Sí, para mí la cantina, más que este lugar tradicional de olvidar las penas y todo esto, es un lugar muy adecuado para el diálogo, para la conversación. Pienso en las cantinas tradicionales y no en las de ahora que tienen tanta música y televisión. Por eso me interesó la cantina, por la conversación y porque el alcohol te abre un poco más el espíritu para decir cosas que normalmente no dirías; imaginar, soñar, compartir tus cosas altas y bajas con los compañeros. Aunque lo acepté como un mero reto, al final me gustó mucho el ambiente y lo he tenido en otras novelas.
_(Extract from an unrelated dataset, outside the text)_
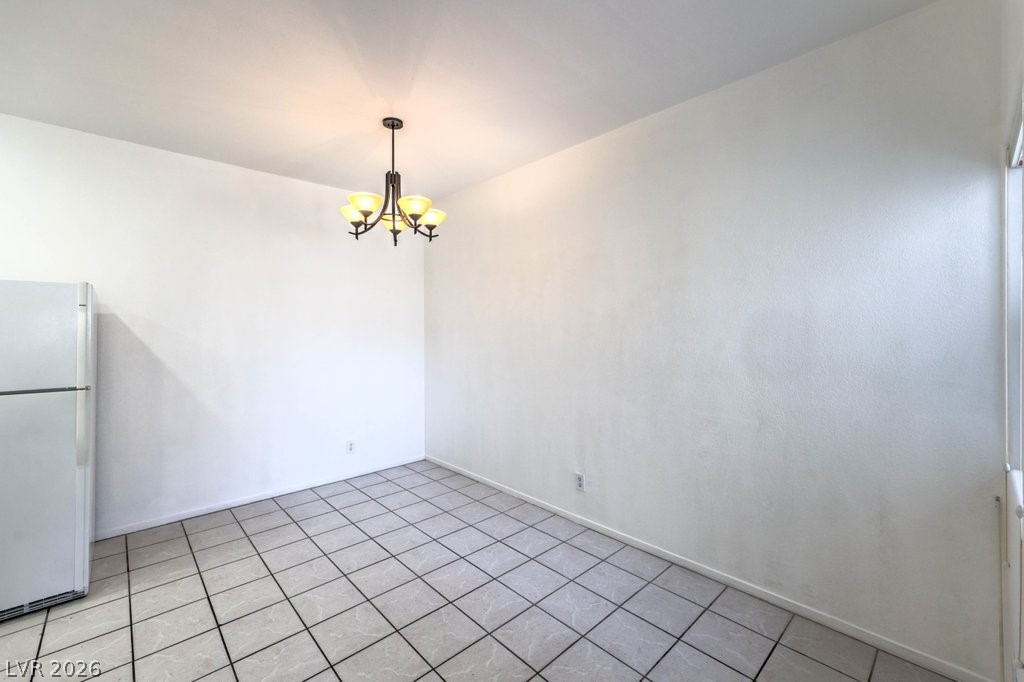 2201 Ramsgate Drive, Unit 1017 Henderson, NV 89074 - Photo 8 of 30 This versatile space features a timeless tiled floor and an elegant overhead chandelier, ready for personalization.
Además de los deseos que expresan tus personajes, ¿se guardaron otros que no escribiste?
No, pues los deseos que pudieran llegar a tener los escribí. Casi todos los deseos que no se cumplen, incluso el deseo de quien se pudiera ganar la lotería y no se le cumple. Entonces, si tuviera alguno de estos deseos lo ponía ahí, porque estos deseos mayormente están explícitos, mayormente frustrados. Incluso estaba ese famoso Güero, que quería heredar la cantina, pero en el último cuento vemos que no es él quien la hereda. Entonces, sin contarte la historia del Güero, sabemos que se quedó sin cantina.
¿Un escritor escribe porque no soporta el peso de la imaginación?
Aquí hay mucha imaginación. Me gusta la imaginación y me gustan más los escritores que trabajan con ella que quienes me dicen que les interesa mucho el realismo. Lo que te gusta leer, finalmente, es lo que te gusta escribir. Y me gusta más la imaginación, la posibilidad de descubrir mundos, no de describirlos.